Brezilya'da halk devlet başkanlığı seçiminin ikinci turu için Pazar günü sandık başına gitti.
Solcu aday Luiz Inácio Lula da Silva veya kısa adıyla Lula, ülkenin mevcut lideri Jair Bolsonaro'yu geride bırakarak seçimlerin galibi oldu.
Yüzde 99 oranında sayılan oyların yüzde 50,83'ünü Lula aldı.
Yeni devlet başkanı 1 Ocak 2023'te görevi devralacak.
Lula yaptığı ilk konuşmada, en acil görevin açlığı bitirmek olduğunu söyledi, halkın iyi yaşamak ve yeniden umuda sahip olmak istediğini kaydetti. Lula Amazon ormanlarındaki tahribata da son verileceğini belirtti.
Ülkenin sağcı lideri Jair Bolsonaro, solcu rakibi Luiz Inacio da Silva ile yarıştığı seçimlerin "iyilikle kötülük" arasında bir savaş olacağını söylüyordu.
Eski cumhurbaşkanı Lula ise kamuoyu yoklamalarında önde görünüyordu ve bu yarışı "demokrasi ve otoriterlik arasında" bir mücadele diye niteliyordu.
Seçim sonuçlarının açıklanmaya başlamasıyla Lula destekçileri sokaklara akın etti. Zaferin kesinleşmesiyle sokaklara coşku hakim oldu.
Lula destekçileri kutlama yapıyor.
LULA: HALK SİLAH DEĞİL KİTAP İSTİYOR
Lula seçim zaferinin ardından yaptığı ilk konuşmada, "Brezilya halkı yeniden umuda sahip olmak istiyor.
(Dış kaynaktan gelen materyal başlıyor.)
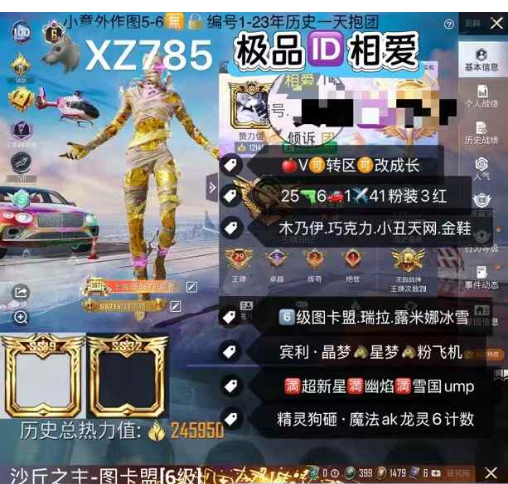 和平精英账号苹果微信极品ID相爱  ‼ 【XZ785zs】苹果V可改成长 6级图卡盟 瑞拉 露米娜 冰雪 木乃伊 巧克力 小丑天网 金鞋 宾利 晶梦 星梦马 粉飞机 满超新星满幽焰满雪国ump 精灵狗砸 魔法a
Halk silah değil kitap istiyor. İyi yaşamak, iyi yemek, iş sahibi olmak ve eğitime erişmek istiyor" dedi.
Lula böylece görevdeki devlet başkanı Bolsonaro'nun bireysel silahlanma yanlısı politikalarına da çizgi çekmiş oldu.
Irkçılığı yenmek istediğini söyleyen Lula, beyaz, siyah ya da yerli halkların eşit hak ve imkanlara sahip olmasını hedeflediğini kaydetti.
Lula, "İki Brezilya" olmadığını söyleyerek, "Biz tek bir halkız" dedi.
Lula, Amazon ormanlarında Bolsonaro döneminde artan ormansızlaşma ve tahribata da son verileceğini dile getirdi.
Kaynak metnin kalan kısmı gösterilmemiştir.